仙人碁睡

 秋たけなわの先月13日、埼玉県久喜市で開かれたNEC杯準決勝を観戦に出かけた。愛用の原付バイクにさっそうとまたがり、白バイに細心の注意を払いながら平均○kmオーバー(原付の速度制限は30Km/h!)のスピードで国道17号を一路北上。ポンコツマイカーより30分は早いだろうとの思惑は見事外れ、20分ほど遅れて会場に着いた。観客はざっと300人。席は後方だったが、遅刻のおかげで対局直前、和服姿の依田紀基九段とトイレで同席(?)し、扉の前で待機中の小林覚九段と話を交わす僥倖を得た。千寿会をさぼって駆けつけた甲斐があった。私はつくづく自らのツキに感謝した。

 ところが何と対局早々、愚かな私に抗(あらが)いがたい睡魔が襲った。終局後の小松九段の解説によると、絶不調を伝えられる覚九段が大胆かつ足早な石運びを見せ、後はがっちりシャッターを下ろせば楽勝という流れになったところで乱れ始め、大逆転を食らったらしい。その後に行われた高尾紳路名人・本因坊と黄イソ七段の対局は最後まで目を開けていたが、覚・依田という最もひいきの棋士の熱戦ハイライトは夢のかなた。「あき〜ら〜め〜ま〜しょう」と、私は昔のはやり歌「無情の夢」を口ずさむしかなかった。

 そう言えば、毎週楽しみにしている日曜昼下がりのNHK杯中継でも必ず20分またはそれ以上眠りこけてしまう。書も読まず、五十肩でゴルフを断念し、勤務先では窓際、家族からは構ってもらえず、ペットのカメだけが話し相手という幸せ薄い人生を送る私は、俗世間にあって仙人のような心境に到達、碁を唯一無上の友としている。テレビもニュースとスポーツ中継ぐらいしか見ないのに、なぜ選りによって碁の番組で寝てしまうのか。石音パチリパチリの合間、万波ナオたんの秒読みの声が妙なる子守唄になってしまうのだろうか。

 そんな懊悩を抱えて11月2日付の日経新聞夕刊を見ると、俳人・長谷川櫂氏による「千里の名馬」と題した文章(「プロムナード」欄)に目が留まった。兼好法師の『徒然草』に書かれた法然上人の教えが書かれている。私は以前、本欄で『囲碁徒然草』なる駄文を書いたから興味津々。しかも話題は「修行と眠気」についてではないか。(以下、新聞から引用)
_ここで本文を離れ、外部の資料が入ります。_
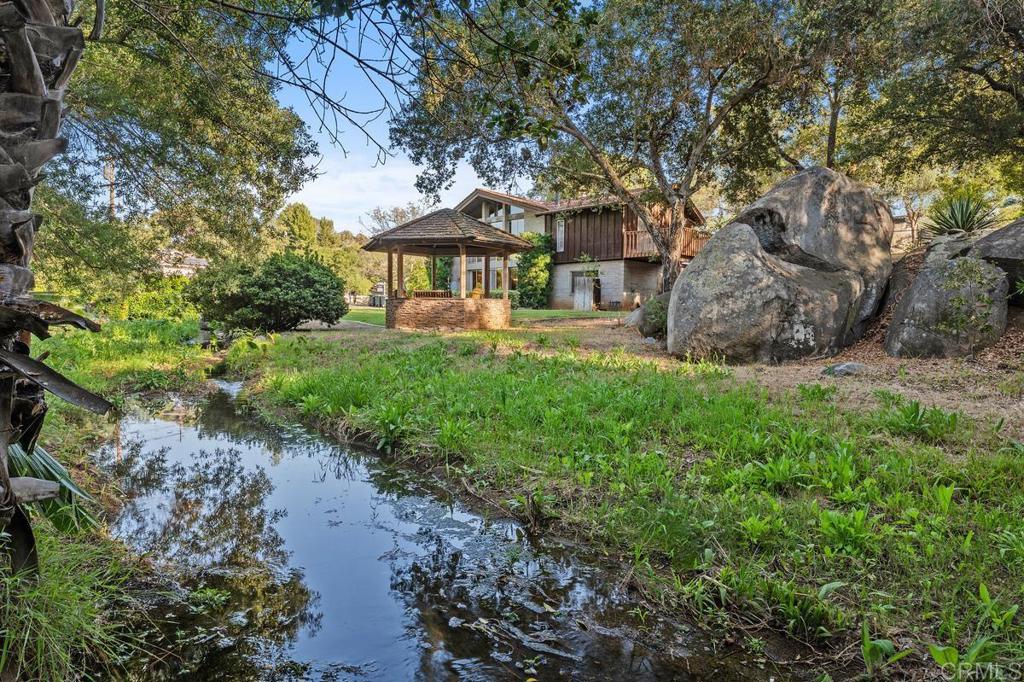 16522 Orchard Bend Road Poway, CA 92064 - Photo 24 of 26 a view of a house with a garden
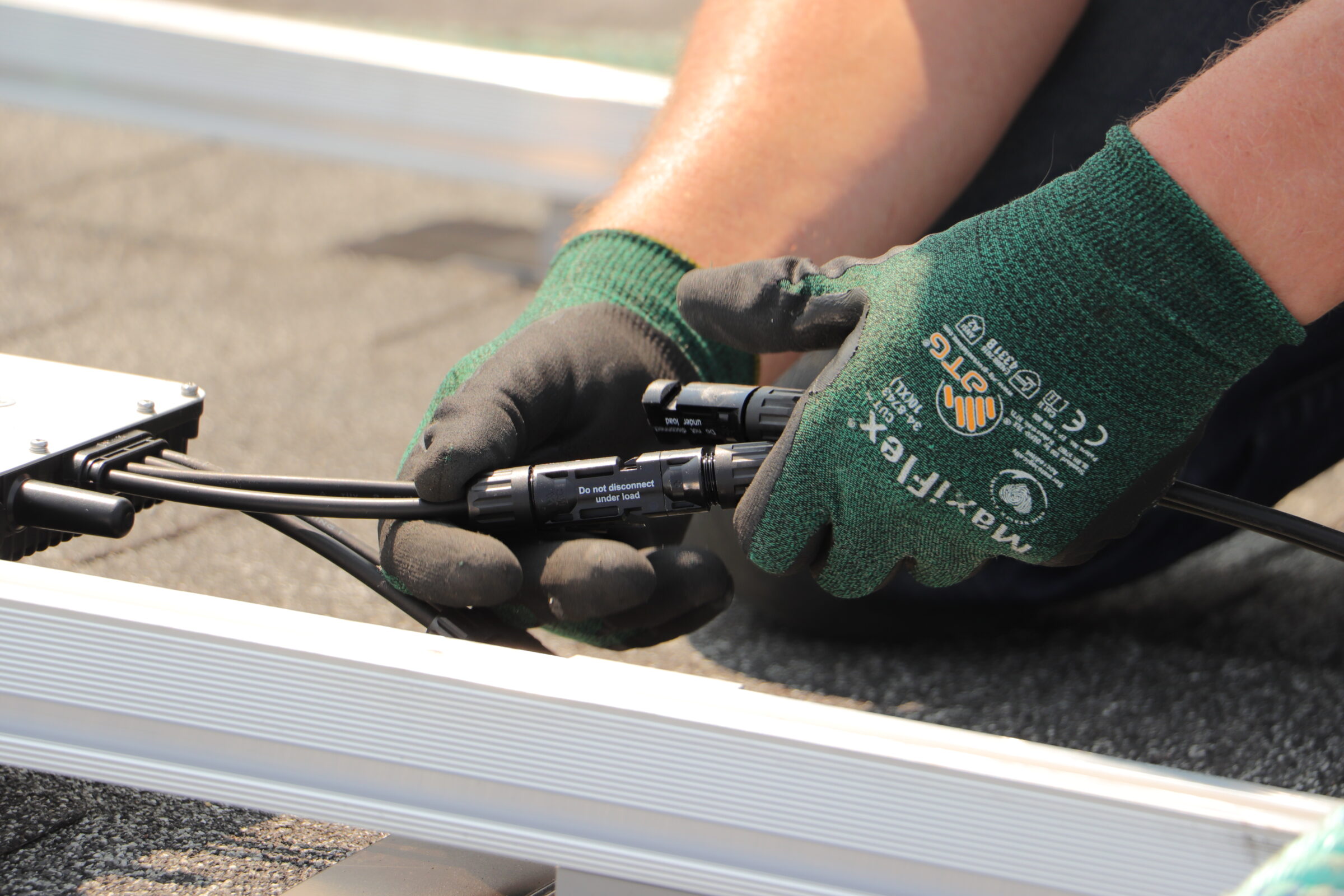 Close-up of solar panel DC wiring and MC4 connectors being secured by a professional Calgary solar installer.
 法然上人と言えば、「南無阿弥陀仏」と唱えれば誰でも極楽往生できると説いた人。ある時、一人の信者が来て「念仏を唱えていると眠くてなりません。どうしたら眠くならないでしょうか」と聞いた。

 こんな場合、相談の回答者は眠くならない方法をあれこれ伝授するのが筋。ところが法然はこう答える。「目の覚めたらむ程念仏し給へ」(眠ければ眠って目が覚めたら念仏を唱えなさい)。

 さすが、法然上人。もうこれだけで御仏の懐に包まれるような極上の話なのだが、まさか、これを中学の教科書に載せるわけにはいかないだろう。授業中も眠りたいだけ眠って目が覚めたら先生の話を聞きなさいというようなものだから。
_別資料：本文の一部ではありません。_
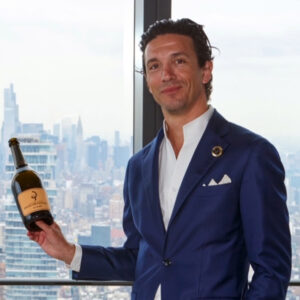 A man in a blue suit stands by a window with a city skyline in the background, smiling while holding a wine bottle with a beige label and black logo. Fearrington Village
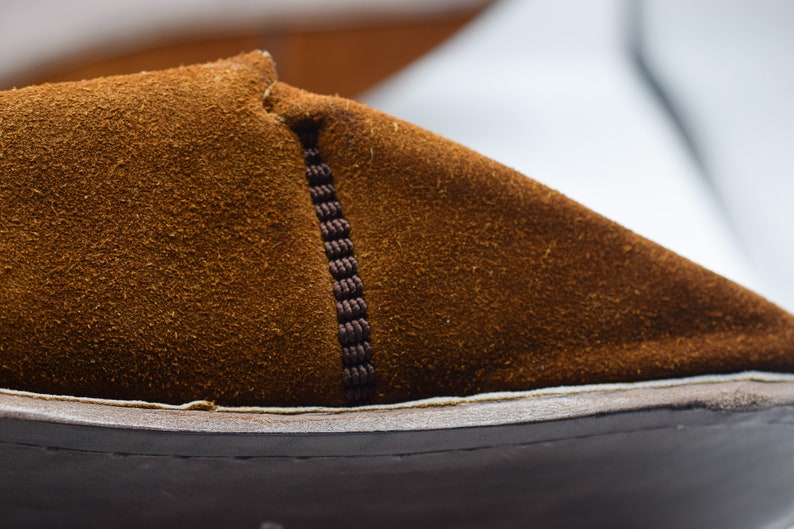 Peut inclure: Gros plan sur une chaussure en daim marron avec une couture marron fonc&eacute; sur le c&ocirc;t&eacute;. La chaussure a un d&eacute;tail de couture blanche autour du bord de la semelle.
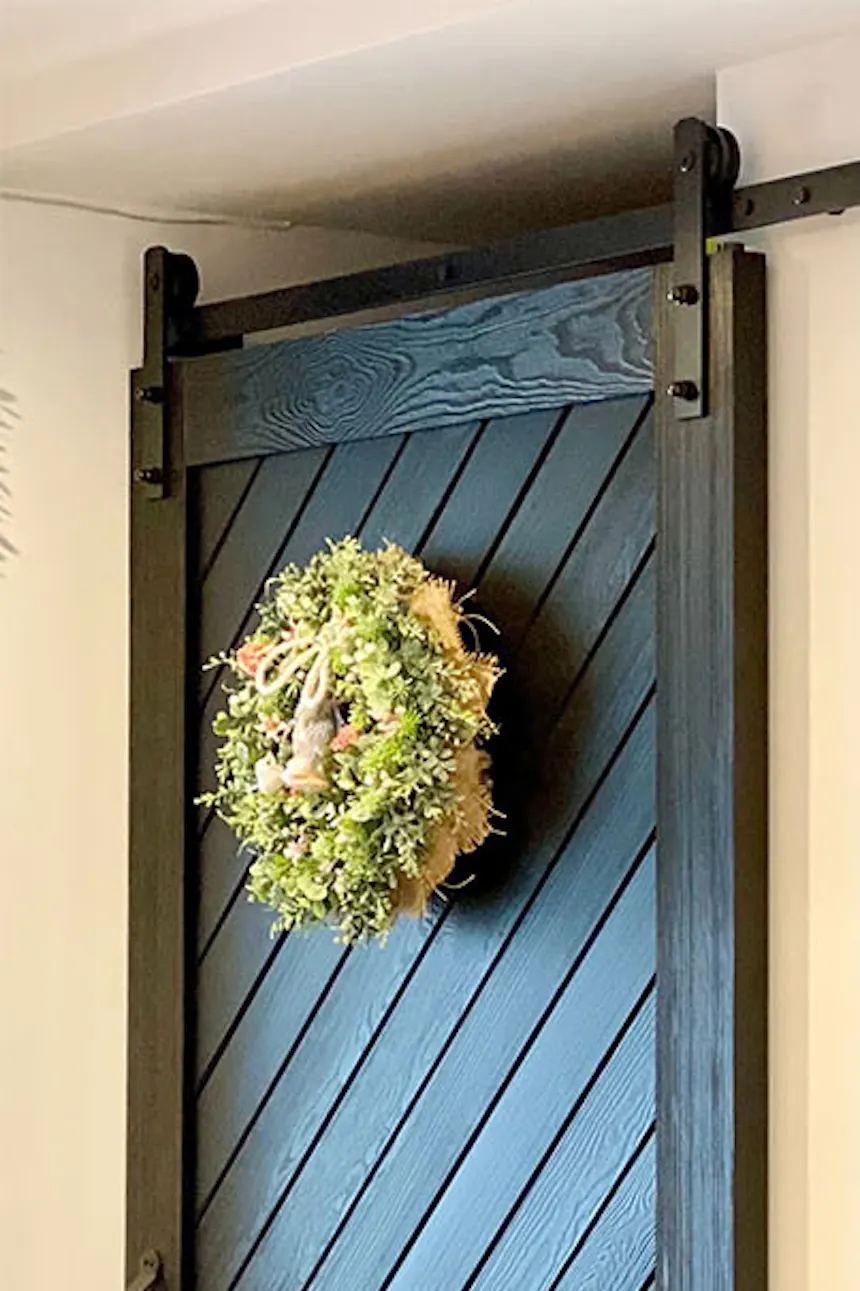 Sliding door for pantry, black solid wood sliding door, decorative wreath on door, red brick on wall, decorative paintings on white wall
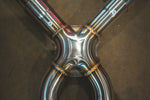 A detailed close-up of a precision-welded X-pipe intersection with labeled "A" and "B" sections on the stainless steel piping.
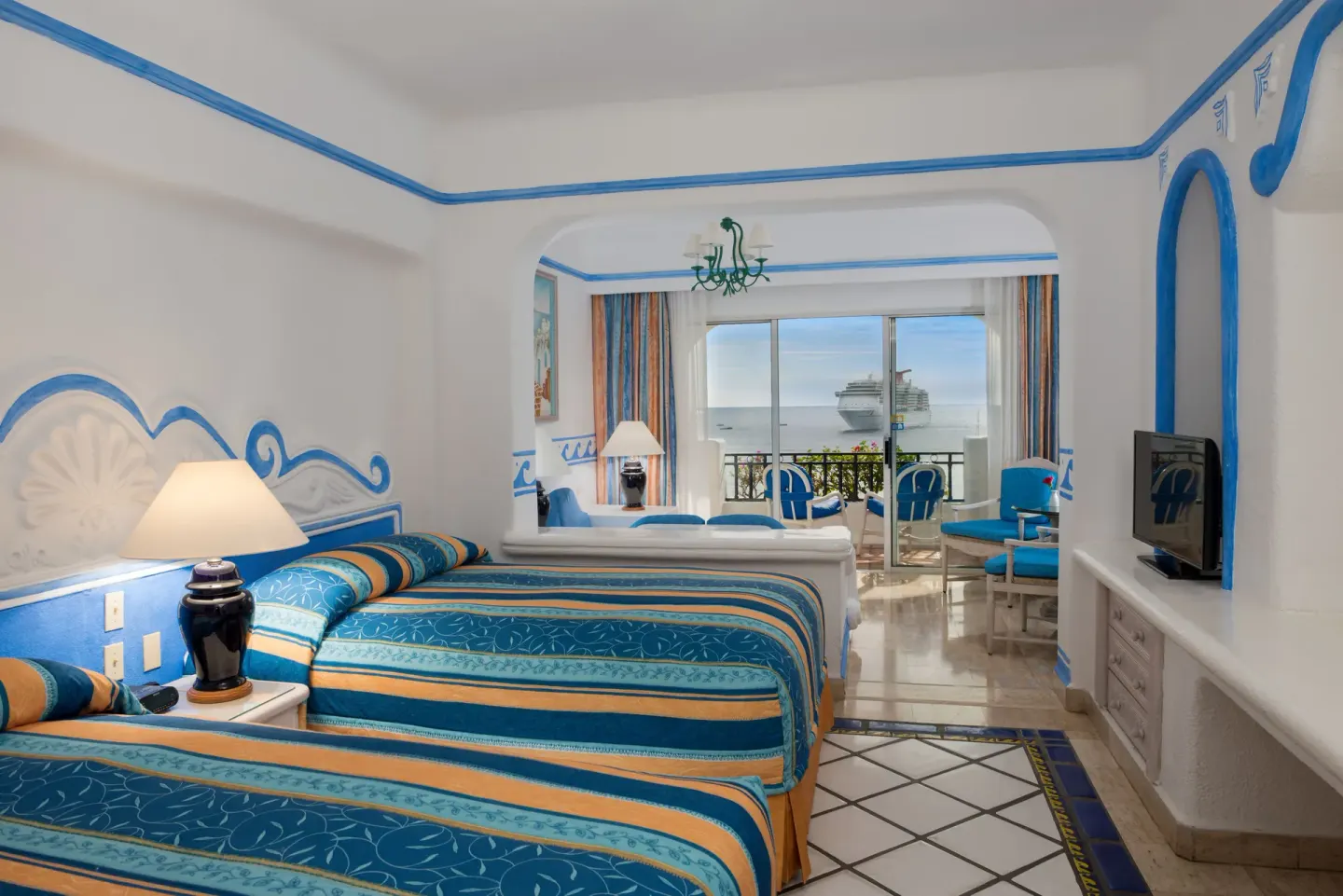 Junior Suite Ocean View with two beds, TV, and balcony at Pueblo Bonito Los Cabos Blanco.
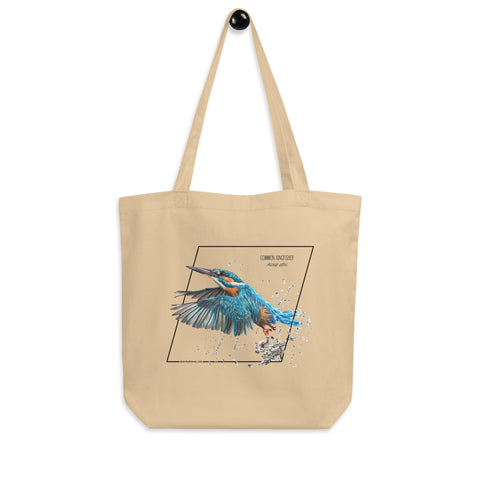 Product mockup of our Organic tote bag featuring a common kingfisher, hanging from a hanger.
 そうそう、川崎展弘(てんこう)さんに法然を詠んだいい句がある。

 花は桃僧は法然と答へける 展弘

 誰かに何が好きですかと聞かれたのだろう。その答えは「花なら桃、お坊さんなら法然」というのだが、「法然は桃の花のような人」とも聞こえる。法然の豊かな人となりをたたえる名句。この句も『徒然草』のこの話に想を得たのではないだろうか。(引用終わり)

 まさに、わが意を得たり。私はつくづく感じ入った。念仏仏教といえば、私は浄土真宗を開祖した親鸞聖人しか興味がなかった。私が大好きな「他力本願」を説き、戒律厳しい中で大胆にも妻帯を実践し、最も優れた宗教書とも言われる『歎異抄』であの有名な「悪人正機説」を説いた。しかしWikipediaによると、浄土宗を開いた法然は親鸞の師であり、自ら編んだ選択集(せんじゃくしゅう)に「極悪最下の人のために極善最上の法を説く」と述べており、既に悪人正機説を展開していたらしい。腰の軽い私はただいまから、勝手に「法然上人の弟子」になることを心に誓った。